Key Challenger: Roger Federer (2)
Regardless of how many times he is written off as a fading force, the evergreen Swiss keeps providing more and more examples of his greatness with a tennis racquet.
Holding a record eight Wimbledon titles, Federer is arguably the greatest grass-courter of all time. Undoubtedly, age affects everyone and Federer is more susceptible to defeat with each passing year. After a surprising 5-set defeat to Kevin Anderson last year, many wondered whether Federer would get another chance of adding to his Wimbledon haul.
However, in true Federer style, the Swiss has once again put himself at the forefront of hearts and minds with a surprisingly strong run in the French Open, eventually falling to old nemesis Rafael Nadal in the semis, and making a seamless transition to the grass courts by winning the Halle tournament in Germany for a record tenth time.
After a somewhat disappointing start to the season, Federer has come back with strong performances which suggests he is in as good a form as he can be and confidence will be high for the Number 2 seed that he can in fact reach the top of the mountain once more and win another trophy on his most loved court of all. After all, he may not get another chance.
Young Prospect: Felix Auger-Aliassime (19)
The young Canadian ‘FAA’ has been a revelation over recent months on the ATP tour. Still only 18 years old, the athletically-gifted youngster has an all-court, all-round game that is capable of damaging anybody on grass. In a breakthrough 2019 where the Canadian has reached three tour-level finals, got his first top-10 victory, and a Masters 1000 semi-final, Wimbledon could be the big stage that the confident talent can really announce himself to the world.
Wimbledon has of course been known to be a platform for talented youngsters to thrive, from Boris Becker to Nick Kyrgios to Rafael Nadal. Auger-Aliassime is of course still prone to errors and lapses of concentration, a point which reminds us that he is still very young but improving with every passing match.
It would be wrong to expect an extraordinary result from the Canadian here, but it would be no surprise to see him reach his first latter stage of a Grand Slam, beating established and older players along the way, and giving any big guns a real run for their money. Auger-Aliassime is touted by many as the future of men’s tennis, and it will be intriguing to see just how far he will be able to prove that hope over the next fortnight.
Dark Horse: Feliciano Lopez or John Isner (9)

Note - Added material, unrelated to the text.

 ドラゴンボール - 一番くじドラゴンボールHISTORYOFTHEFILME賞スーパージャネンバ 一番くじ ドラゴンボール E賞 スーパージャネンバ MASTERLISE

It is never easy to identify a single outsider or dark horse, as by definition they are the ones who thrive among no expectation or particular prior recognition. Spanish veteran Feliciano Lopez, now 37, was a prime example in the Queen’s Club tournament last week. Against all predictions and odds, Lopez completely turned the tables on his 2019 form and managed to win the title, both in the singles and doubles no less. Lopez has always been a strong grass-court player, and success at his age continues to show tennis fans of just what is possible for those who continue to work hard and believe in their ability.
Wimbledon has often been a stage for old-timers to make surprise runs deep into the tournament, with names such as Tommy Haas and Marat Safin being two of many in the last 15 years or so. As long as Lopez stays fit and limits his court time to stay fresh, he has a legitimate chance to make use of a fairly favourable draw and have one last hurrah on the grass courts where he has always been seen as a dangerman, but never reached the highest highs.

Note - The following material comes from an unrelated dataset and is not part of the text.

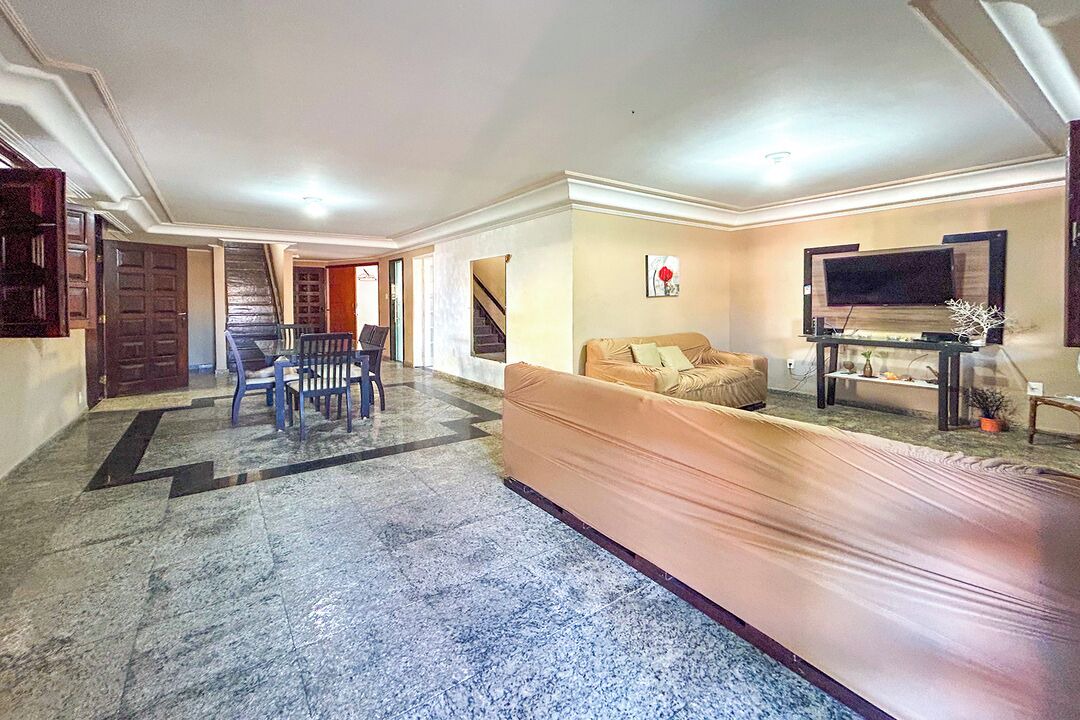 Photo of Livingroom in Pouso Alegre Buraquinho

Another notable dark horse, largely due to his also favourable draw, is the 6’10, number 9 seeded American John Isner. The ‘Marathon Man’ of 2010 has of course forged a successful career outside of that record match here against Nicolas Mahut and is always a huge threat on grass due to his booming serve, which remains one of, if not the best on tour. After narrowly losing in the semi-finals last year to fellow giant Kevin Anderson, Isner should not be discounted as a legitimate contender, as long as he is fit enough to perform at his best.